• Work to complete: Using the data below, return word for word every line from the one holding "First of all, you'll" down to the one holding "So here's some". Leave pictures out.

--- Information shown Enclosed Below ---

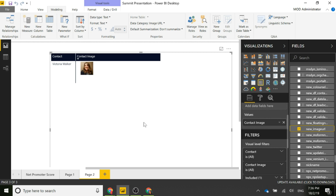Hopefully that's useful for getting an image into a web-accessible location. I've shown this using Twitter, but you could have somebody upload an image anywhere and use this flow to put it in Azure Blob Storage, get a web-accessible link, and then use it in things like a Microsoft portal, Power BI report, or similar.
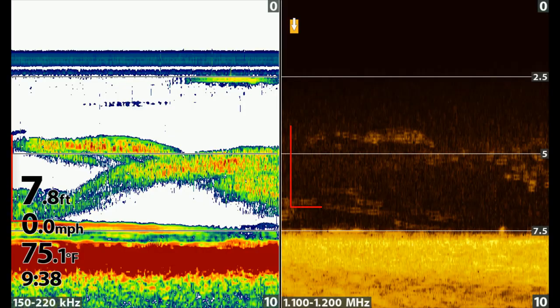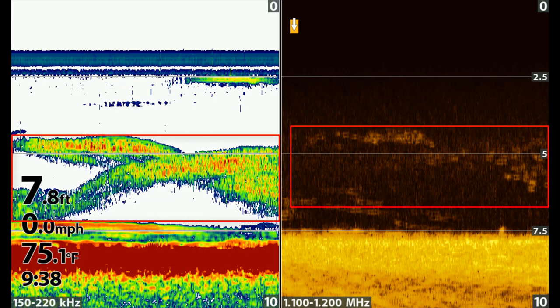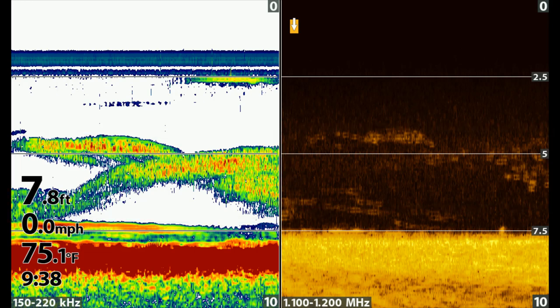This is a fertile lake with a huge algae bloom. Lots of food for the fish. The sonar shows schools of baitfish. The baitfish can look like weeds, but weeds are attached to the bottom, and baitfish will be suspended.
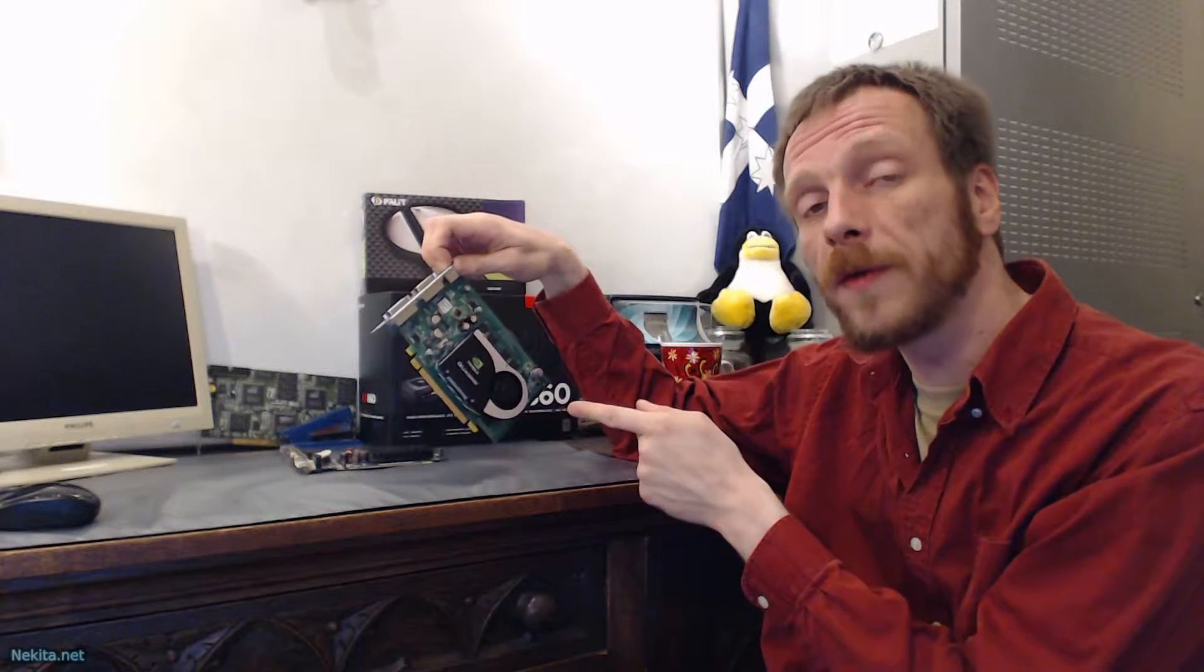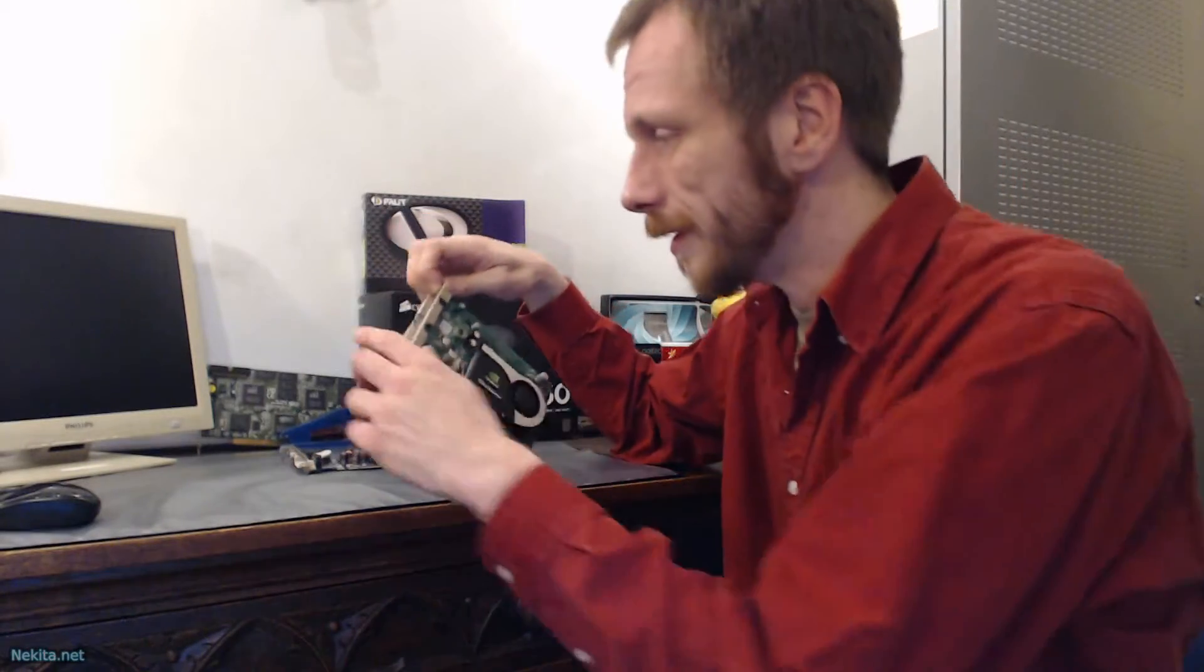I have to get an aftermarket cooler for this thing, I think. Because I do want to use it. Because I'm down to one monitor. And I like my multi-monitor setup a bit too much.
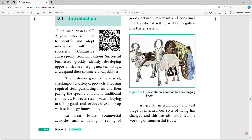E-commerce will always profit from innovations. Successful businesses quickly identify and develop opportunities in emerging new technology and expand their commercial capabilities. As technology increases — for example, Java updates, all languages and all version updates — using older versions may not be supported. That is why we talk about e-commerce: profit and successful reach through identifying and developing new technology opportunities.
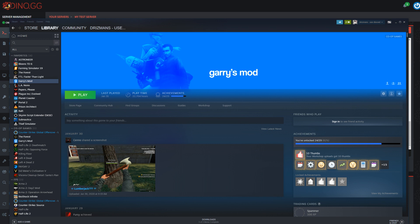Alright, welcome to part three of this 5.3 part series. We're going to be focusing on workshop collections here.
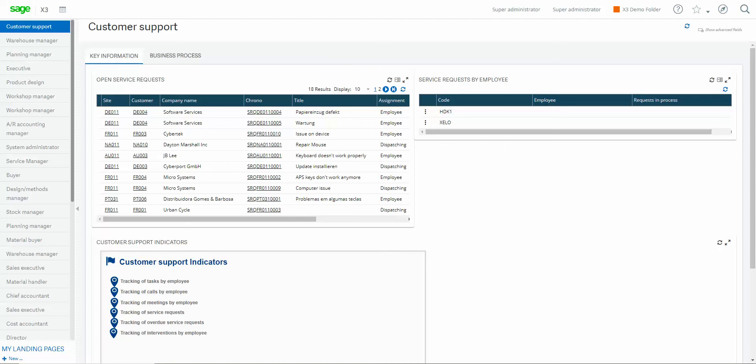Hello and welcome to another lesson in SAGE ERP X3. In today's lesson we're going to take a look at how to run two useful inquiries from the financials menu in SAGE. The first inquiry that we're going to look at is how to run the trial balance inquiry and the second inquiry is how to run the journal entry inquiry.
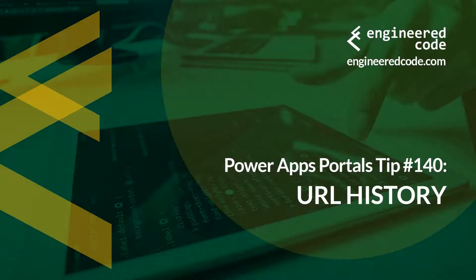Hello everyone, and welcome to PowerApps Portals Tips. My name is Nicholas Heyduk, and this is tip number 140, URL History.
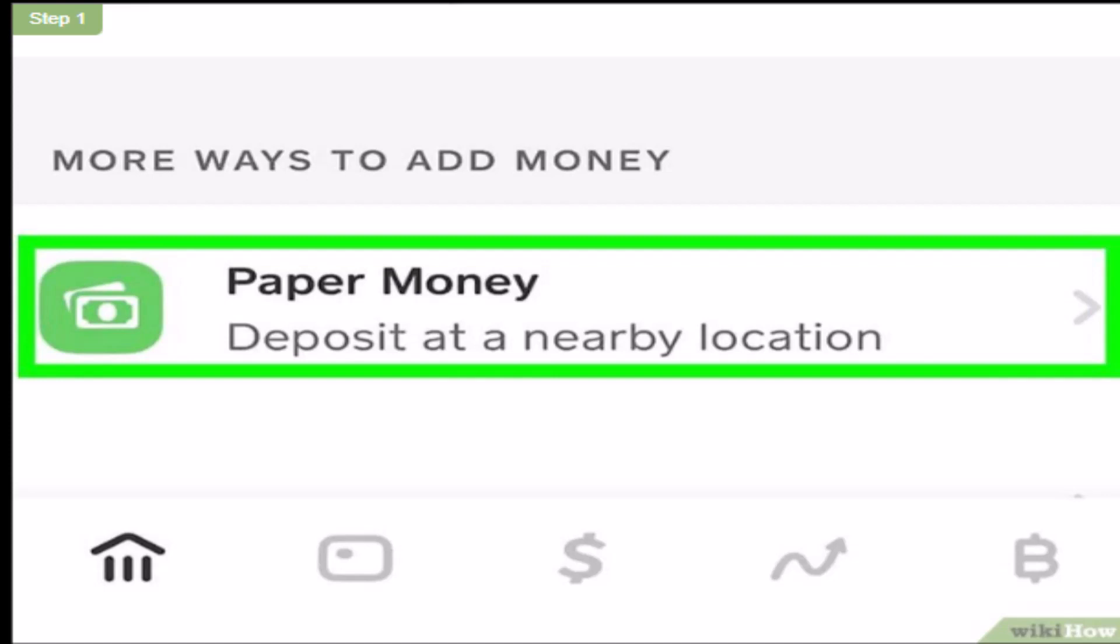First of all, you'll have to log in to your Cash App account. Once you're logged into your account, tap on the home icon located right at the bottom. Once you're directed to the home page, at the bottom you have an option as Pay Per Money.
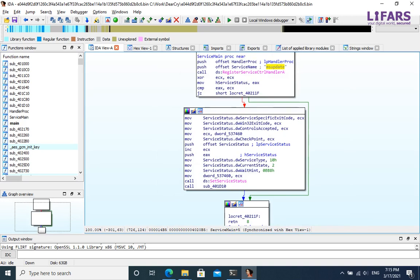The service related to this ransomware is called msupdate. Service main function is also simple, it registers service control handler for this msupdate service. And then, it calls yet unknown function, which will probably do some stuff.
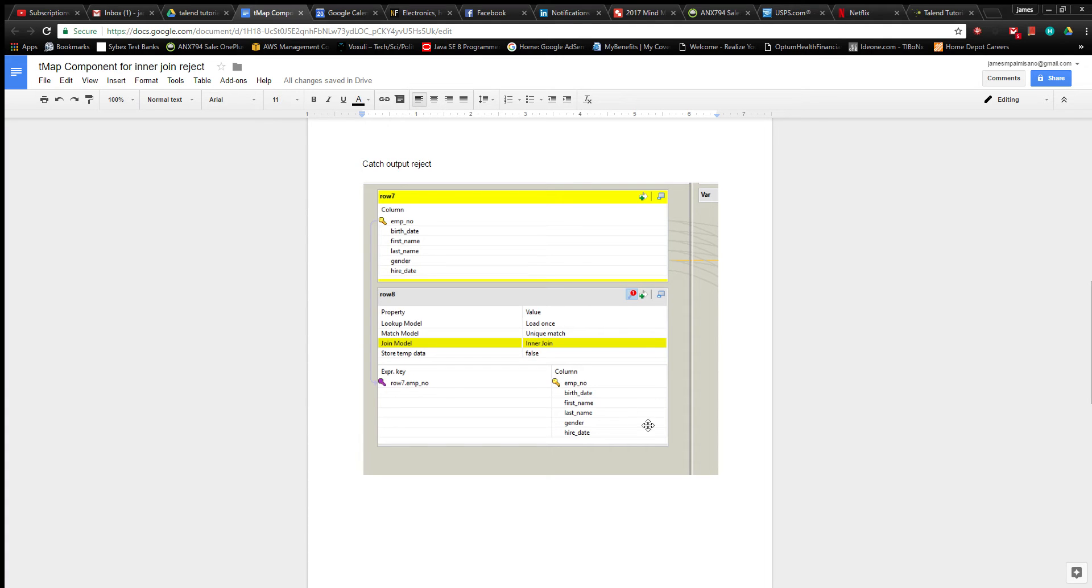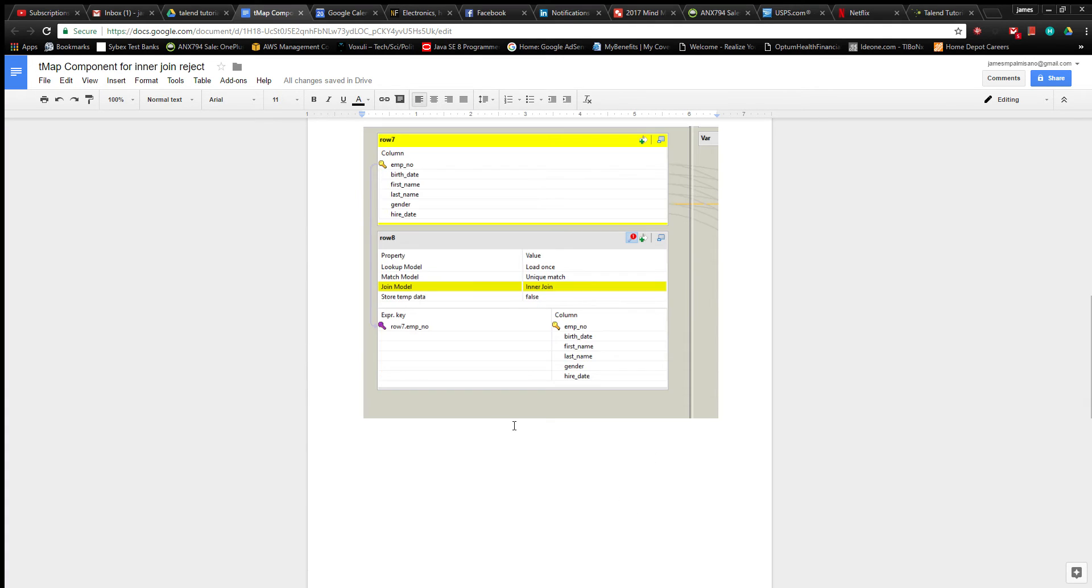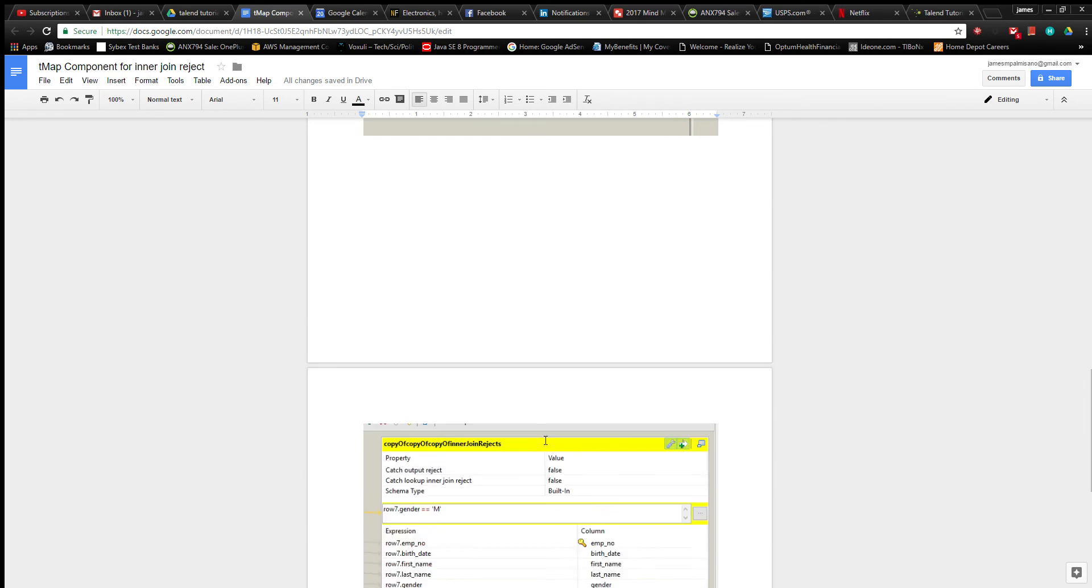So here's some screenshots I took of the mapping component. The left side here is very similar to the previous video I just showed where we're doing an inner join based on these two inputs here. So nothing new there.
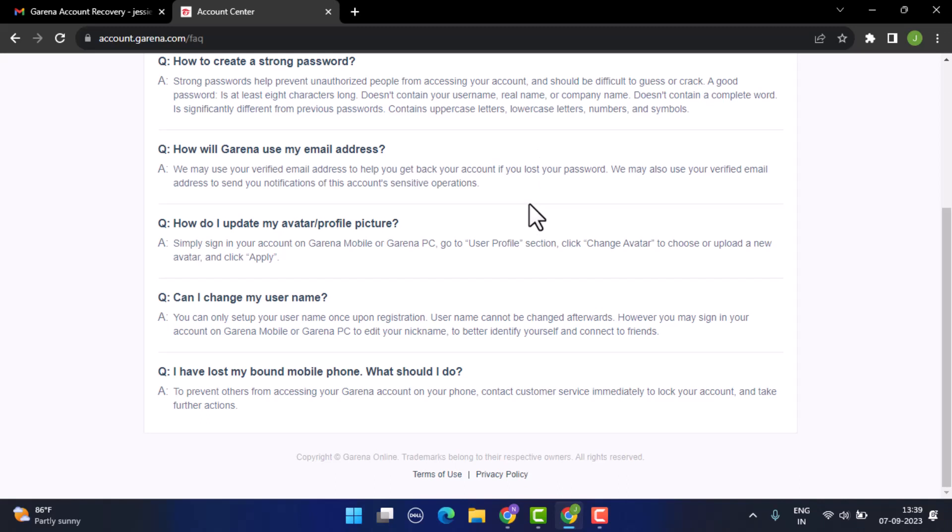You can only set up your username once upon registration, so the username cannot be changed afterward. However, you may sign into your account on Garena mobile or Garena PC to edit your nickname to better identify yourself and connect to friends. So you can only change your nickname, not your username.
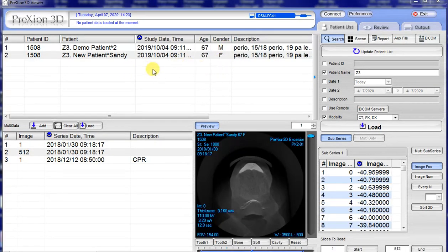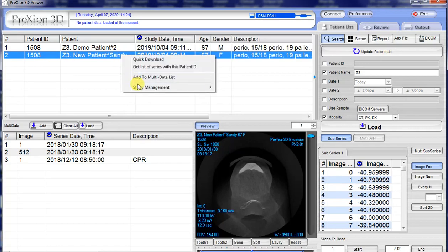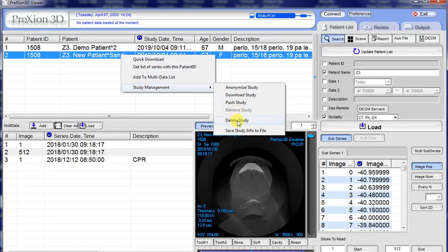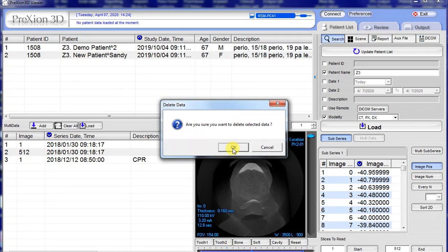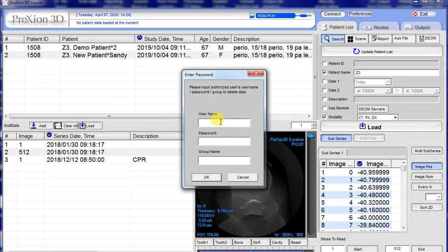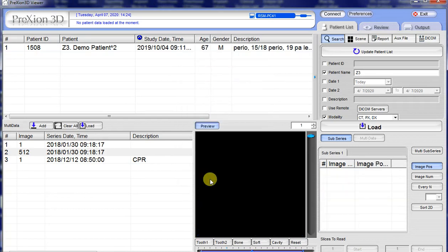If you're deleting a study from the first session after you log out and log back in, it's going to prompt you for a password. Let's do the steps again: highlight, right-click, Study Management, go to Delete Study. It's going to ask if you want to select the data, so you say yes. For the username, type 'scan' — lowercase just like that. Password is the very same word: 'scan.' Make sure you don't have caps lock on. Leave the group name blank. Click OK and there goes your study — it is deleted.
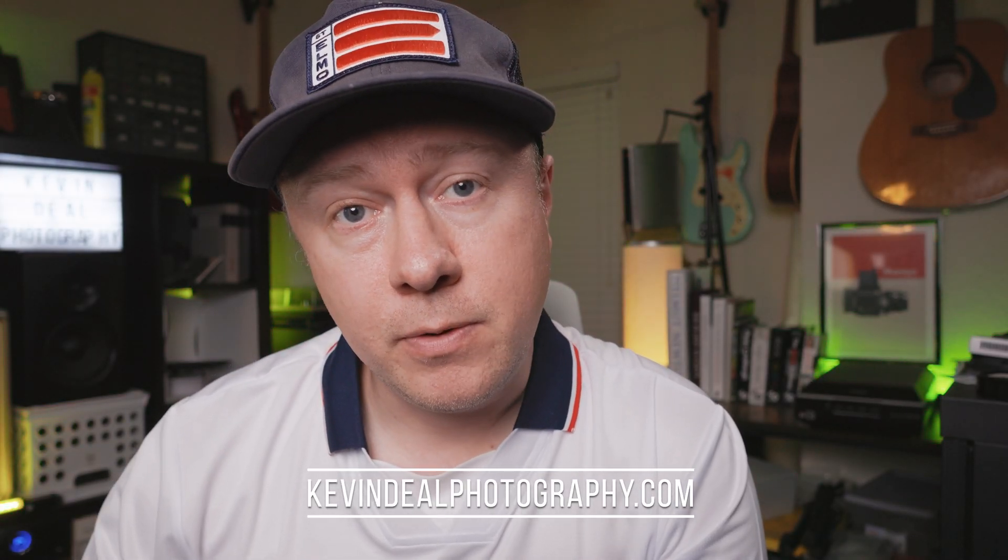Welcome to Kevin Deal Photography, where I take you on my journey through photography. It seems that no matter which corner you wander into in the YouTube photography world, artificial intelligence is what everybody's talking about. Well, that streak ends today. No, I'm just kidding. We're totally talking about AI.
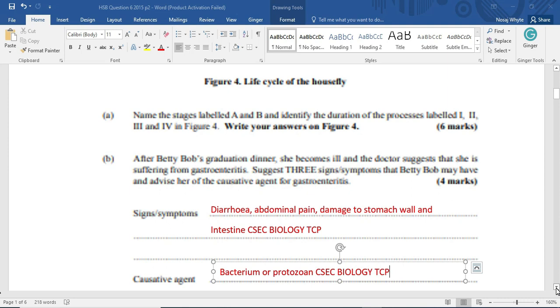Now, signs and symptoms of gastroenteritis. The first one we want to start with is diarrhea. So you're going to have running off the belly, as we would say in the Caribbean. You are going to have diarrhea. You're going to have abdominal pain, which means that the belly, most persons call it the belly, that is going to hurt. You're going to have some pain there. And on the inside, we're going to be having damage to the walls of the intestine and, of course, the stomach. In some cases, this could lead to bleeding.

--- End of Enclosed Information shown ---

• Reply to the exercise:
First of all, you'll have to log in to your Cash App account. Once you're logged into your account, tap on the home icon located right at the bottom. Once you're directed to the home page, at the bottom you have an option as Pay Per Money.
The service related to this ransomware is called msupdate. Service main function is also simple, it registers service control handler for this msupdate service. And then, it calls yet unknown function, which will probably do some stuff.
So here's some screenshots I took of the mapping component. The left side here is very similar to the previous video I just showed where we're doing an inner join based on these two inputs here. So nothing new there.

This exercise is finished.